People can complain that their workplaces aren’t good, that their jobs are hard, but I think everywhere is the same—all jobs are difficult, and all life is not easy. So, if we accept that and we are open to new experiences it will be easier.
Studying is a really good time in your life. Focus on studying and focus on enjoying your time at university.
What’s the current situation like with COVID-19 in Vietnam?
Vietnam’s first wave of COVID-19 went okay. But we now have a second wave.
Everyone is working hard to prevent the impact on the economy. We are getting back to a growth trend but people are spending less, a lot less than before, and they focus on the commodities, the basic things. It is impacting jobs and salaries.
I do believe we are less impacted in my part of society. I do believe it is harder for blue collar workers more, those in less stable jobs.
Behaviour-wise, people are doing more online. Making a cup of coffee and opening up a conference call with friends. We stay distant, some people work in the office, some work at home.
But in a good way, I think it is focusing us on the relationships that we really treasure. Rather than thinking I need to hang out with my boss in order to ask him or her for a promotion or to increase my salary. I need to hang out with my business partner to maintain that relationship. It's not important. Just focus on the relationships with family and close friends.
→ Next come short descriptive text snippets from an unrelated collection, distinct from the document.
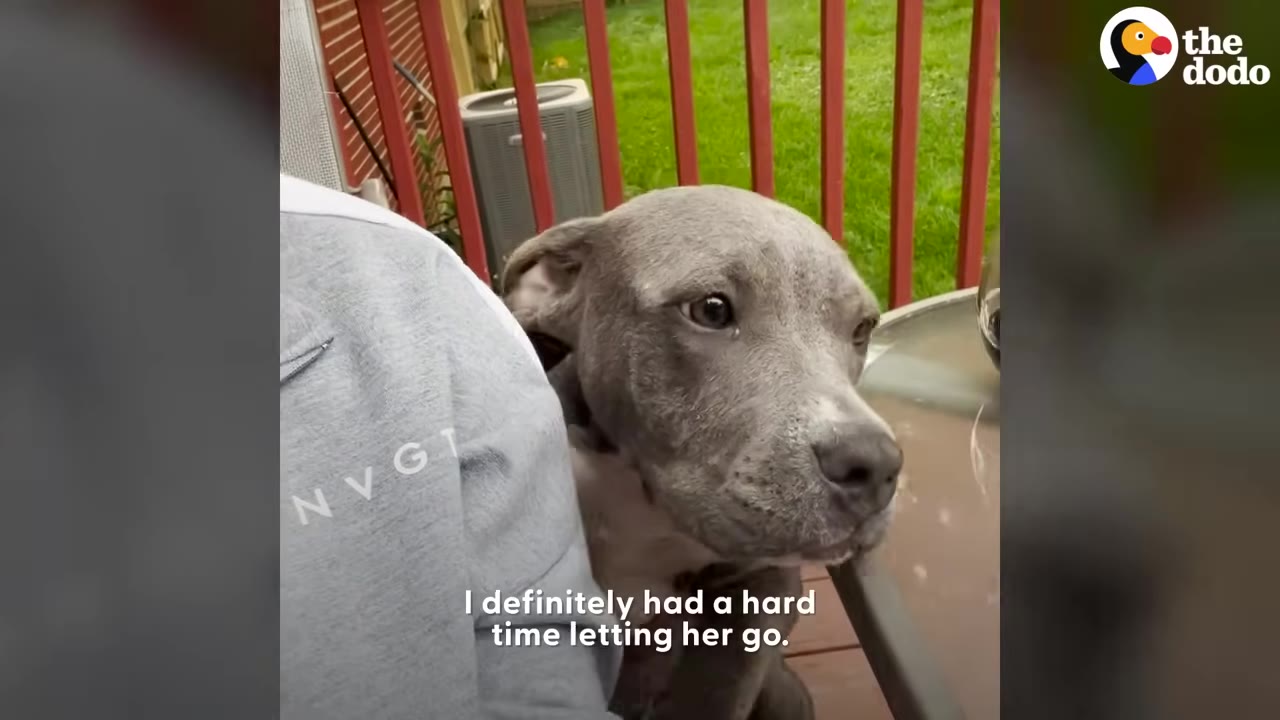 A gray pit bull dog gently resting her head against her human companion on an outdoor porch.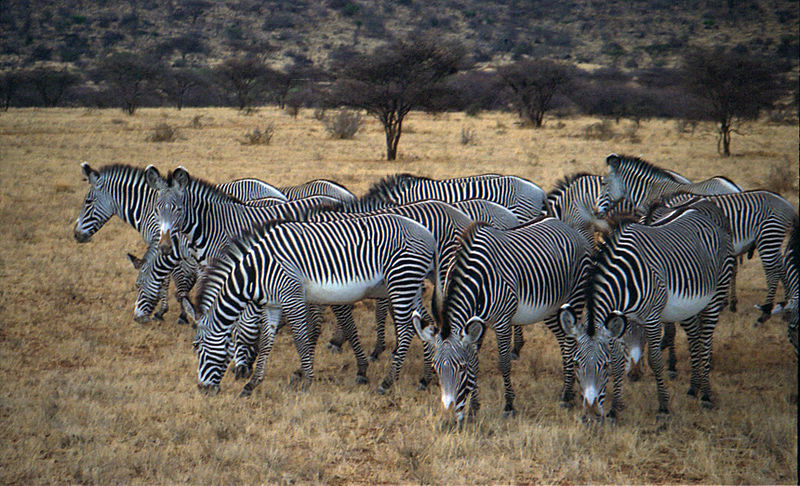 800px-samburu_grevys_zebra
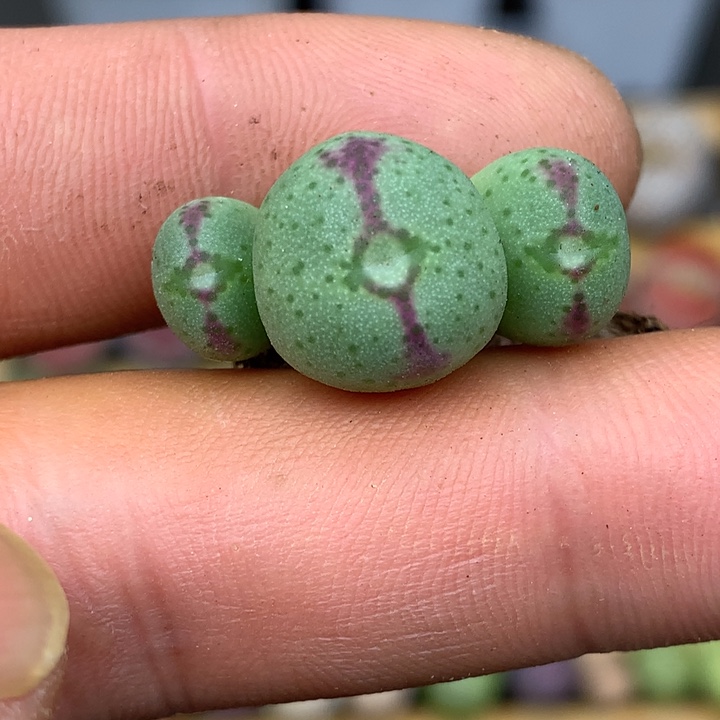 精品多肉植物杂交系列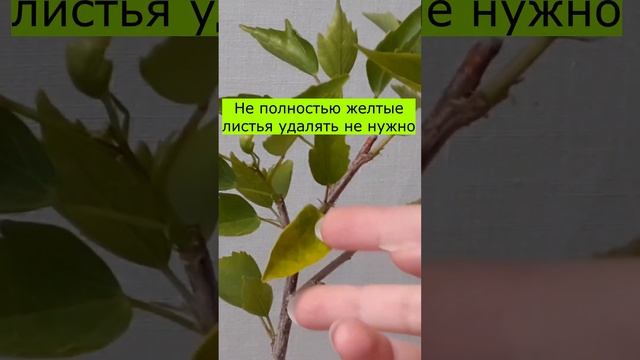 ЖЕЛТЕЮТ ЛИСТЬЯ цветов. Что делать?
One change for Vietnam is as a country there’s a lot of night life, young people going out, eating out, street food but we’re not doing that now. So we’re starting to cook at home, for lunch and dinners. Food delivery service is becoming really popular now.
Another interesting angle is online payments. In Vietnam like 95 percent of the payment is made in cash and people are not very comfortable with cards. But it’s different now because it’s dangerous to pay with money. So, using e-commerce and online services is increasing a lot.
As told to Alumni Engagement Manager Heidi Stedman.